[Recorded data]
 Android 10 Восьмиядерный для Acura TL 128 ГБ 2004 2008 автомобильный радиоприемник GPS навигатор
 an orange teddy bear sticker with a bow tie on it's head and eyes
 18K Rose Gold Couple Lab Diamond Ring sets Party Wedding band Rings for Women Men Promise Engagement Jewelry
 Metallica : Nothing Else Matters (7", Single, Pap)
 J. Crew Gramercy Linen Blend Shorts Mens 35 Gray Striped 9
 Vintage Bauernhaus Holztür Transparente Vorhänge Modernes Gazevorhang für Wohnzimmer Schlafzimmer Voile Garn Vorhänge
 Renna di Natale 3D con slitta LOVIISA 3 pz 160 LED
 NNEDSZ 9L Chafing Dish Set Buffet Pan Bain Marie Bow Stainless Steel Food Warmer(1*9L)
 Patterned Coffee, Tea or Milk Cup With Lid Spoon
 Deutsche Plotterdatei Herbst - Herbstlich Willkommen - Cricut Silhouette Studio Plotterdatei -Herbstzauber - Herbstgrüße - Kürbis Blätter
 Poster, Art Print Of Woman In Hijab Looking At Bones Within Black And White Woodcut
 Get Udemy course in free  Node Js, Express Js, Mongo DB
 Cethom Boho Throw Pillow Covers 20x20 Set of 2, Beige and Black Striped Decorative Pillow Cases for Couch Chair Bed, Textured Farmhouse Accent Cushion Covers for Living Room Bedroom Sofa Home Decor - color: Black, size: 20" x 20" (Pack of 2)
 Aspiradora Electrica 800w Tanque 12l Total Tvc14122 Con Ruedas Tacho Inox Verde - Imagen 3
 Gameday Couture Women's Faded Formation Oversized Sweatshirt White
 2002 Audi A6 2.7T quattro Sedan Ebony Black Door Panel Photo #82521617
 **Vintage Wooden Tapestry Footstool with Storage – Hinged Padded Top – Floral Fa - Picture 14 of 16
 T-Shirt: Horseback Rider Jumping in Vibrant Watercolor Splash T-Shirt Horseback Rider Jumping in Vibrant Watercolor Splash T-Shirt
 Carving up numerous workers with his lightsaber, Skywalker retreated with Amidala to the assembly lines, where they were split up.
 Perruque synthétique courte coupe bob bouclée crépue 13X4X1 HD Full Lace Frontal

Your objective:
Begin with the line above that has "Vintage Bauernhaus Holztür" and continue through the line that has "Aspiradora Electrica 800w", setting each one down exactly. Stop there.

Response for this exercise:
 Vintage Bauernhaus Holztür Transparente Vorhänge Modernes Gazevorhang für Wohnzimmer Schlafzimmer Voile Garn Vorhänge
 Renna di Natale 3D con slitta LOVIISA 3 pz 160 LED
 NNEDSZ 9L Chafing Dish Set Buffet Pan Bain Marie Bow Stainless Steel Food Warmer(1*9L)
 Patterned Coffee, Tea or Milk Cup With Lid Spoon
 Deutsche Plotterdatei Herbst - Herbstlich Willkommen - Cricut Silhouette Studio Plotterdatei -Herbstzauber - Herbstgrüße - Kürbis Blätter
 Poster, Art Print Of Woman In Hijab Looking At Bones Within Black And White Woodcut
 Get Udemy course in free  Node Js, Express Js, Mongo DB
 Cethom Boho Throw Pillow Covers 20x20 Set of 2, Beige and Black Striped Decorative Pillow Cases for Couch Chair Bed, Textured Farmhouse Accent Cushion Covers for Living Room Bedroom Sofa Home Decor - color: Black, size: 20" x 20" (Pack of 2)
 Aspiradora Electrica 800w Tanque 12l Total Tvc14122 Con Ruedas Tacho Inox Verde - Imagen 3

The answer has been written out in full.